RB: Yes, we can do anything because you really feel like you're collaborating together. I could choose my own models, I could choose my own music—but with the music, I had to come to the middle a bit because I have a different kind of music taste and because we are showing in New York, and it has a different vibe from Europe. So we had to change the music a bit, but I was really glad that I did that.
Lindsay, how important is choosing the venue when you're doing your shows? What was your first venue and how do you go about choosing a venue each year?
LD: My first venue ever was a private gallery in the home of an art collector, and it was a very fortunate connection that was through my publicist that I could arrange the space. We weren't expecting a massive turnout, so we weren't concerned about having a ton of space. That was really great because it was really intimate and people could come and really view the work. Since then, I've always shown at either Pier 59 or Industria, because, to me, not only is the space important, but its proximity to other shows is important when you're a young designer.
It was great to have the blank space to work with because it’s a photo studio, but more than anything, we were concerned about getting people there, and thus we showed kind of in the Meatpacking District. This season, I did not show in the Meatpacking District, though. I showed at South Street Seaport, which I had arranged before I even knew Tommy was showing down there.

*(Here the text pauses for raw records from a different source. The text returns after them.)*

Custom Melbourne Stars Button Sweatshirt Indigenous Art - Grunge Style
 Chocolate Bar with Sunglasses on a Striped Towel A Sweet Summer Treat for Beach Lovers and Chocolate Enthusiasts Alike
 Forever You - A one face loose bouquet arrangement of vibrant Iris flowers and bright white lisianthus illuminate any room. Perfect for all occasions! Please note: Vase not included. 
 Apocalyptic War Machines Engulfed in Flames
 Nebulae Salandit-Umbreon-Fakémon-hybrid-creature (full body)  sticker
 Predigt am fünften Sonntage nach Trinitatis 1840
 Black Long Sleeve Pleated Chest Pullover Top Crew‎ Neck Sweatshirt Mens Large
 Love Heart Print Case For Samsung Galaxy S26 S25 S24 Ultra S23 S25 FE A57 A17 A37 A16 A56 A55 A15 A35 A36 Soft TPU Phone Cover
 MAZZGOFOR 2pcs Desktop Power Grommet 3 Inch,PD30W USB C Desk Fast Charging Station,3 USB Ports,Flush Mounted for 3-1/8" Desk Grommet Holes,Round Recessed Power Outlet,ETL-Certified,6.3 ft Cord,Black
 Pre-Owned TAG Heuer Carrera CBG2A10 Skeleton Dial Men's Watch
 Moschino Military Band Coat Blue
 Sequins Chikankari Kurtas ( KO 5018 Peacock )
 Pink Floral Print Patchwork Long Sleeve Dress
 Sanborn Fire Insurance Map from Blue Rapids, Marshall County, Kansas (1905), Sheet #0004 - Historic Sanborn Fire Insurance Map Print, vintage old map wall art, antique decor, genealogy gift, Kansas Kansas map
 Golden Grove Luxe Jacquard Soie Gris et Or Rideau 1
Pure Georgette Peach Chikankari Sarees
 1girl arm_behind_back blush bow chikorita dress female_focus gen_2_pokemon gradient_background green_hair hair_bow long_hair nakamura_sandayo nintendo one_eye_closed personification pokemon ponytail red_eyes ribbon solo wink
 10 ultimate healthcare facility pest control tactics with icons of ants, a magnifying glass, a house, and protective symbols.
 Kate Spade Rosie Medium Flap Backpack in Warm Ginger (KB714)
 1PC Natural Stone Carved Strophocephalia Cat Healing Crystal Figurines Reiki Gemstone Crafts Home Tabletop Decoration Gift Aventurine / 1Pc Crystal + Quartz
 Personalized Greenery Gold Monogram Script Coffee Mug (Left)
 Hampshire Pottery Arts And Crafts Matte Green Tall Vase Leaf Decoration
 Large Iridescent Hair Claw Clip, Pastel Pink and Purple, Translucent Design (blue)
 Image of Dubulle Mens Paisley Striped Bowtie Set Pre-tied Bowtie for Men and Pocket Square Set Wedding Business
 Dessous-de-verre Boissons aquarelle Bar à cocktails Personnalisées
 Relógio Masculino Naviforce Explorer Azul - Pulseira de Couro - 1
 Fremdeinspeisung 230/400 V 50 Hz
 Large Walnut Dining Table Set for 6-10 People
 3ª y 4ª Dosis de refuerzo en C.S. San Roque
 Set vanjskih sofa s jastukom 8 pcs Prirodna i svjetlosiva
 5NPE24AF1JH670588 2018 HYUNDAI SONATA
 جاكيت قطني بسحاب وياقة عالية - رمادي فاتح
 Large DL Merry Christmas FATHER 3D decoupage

I have to say, it's kind of liberating to do what you feel is best, so it was really nice to show in the space I showed and not being limited to photo studio space.
Does it get easier to put on shows the more you do it?
LD: I really feel like it's season to season and pretty economy-centric, to be honest. As the economy gets bad, the sponsorship dollars disappear immediately, then obviously, it's harder to put on a show because the average space you can rent is about $15,000 for three hours. Without sponsorship money, as an independent designer, it's almost impossible to show in a bad economic climate.
Lindsay, you traditionally do presentations, whereas Rushemy, your first show was a runway show. What are the differences and why do you guys prefer one over the other?
LD: For me, I prefer presentation because if I'm going to pay that much for a space, I want people to be able to look at it for the full hour that I'm allotted. To me, I just spent so much money and I want the people to have a moment to take a look at all of the small details that I just put into the collection. Also, I like to really create a set and an atmosphere where the viewer walks in and feels like it doesn't matter what they were feeling before they walked in, but they have a whole new mentality when they walk into a space that has a feeling, so that's why I do presentations.
RB: I would like doing a presentation and I'm very open to that. For me, now, the runway is terrific because you create a brief moment and it's like you're creating it for a few minutes, and then it's gone. Then you have this curiosity about it. You’re going to think about it, philosophize about it. You want to know more about it, you want to feel more about it. I've never done a presentation, but I'm sure I will do it someday. For now, I only do runway and I really like it. I have no negative feelings about it.
Rushemy, is there anything you want to ask Lindsay?
RB:You do your presentations on your own, right?
RB: Where did you start? How long have you been an independent designer, and how did you get to this point all by yourself? Because I think it’s great.
LD: Thank you! This is my eighth season. I just looked back and saw that, and, oh my god, I can't believe it's season number eight! I've always done it alone, so I don't know any better; I assume that it would be way easier if I did not do it alone. I'm always looking for a business partner, I haven't found one yet, but ideally the end goal would be to do it with a partner. The question being, "How did I do it alone?" I just wanted to do it, so I figured out how to do it and I think that's a really important attitude.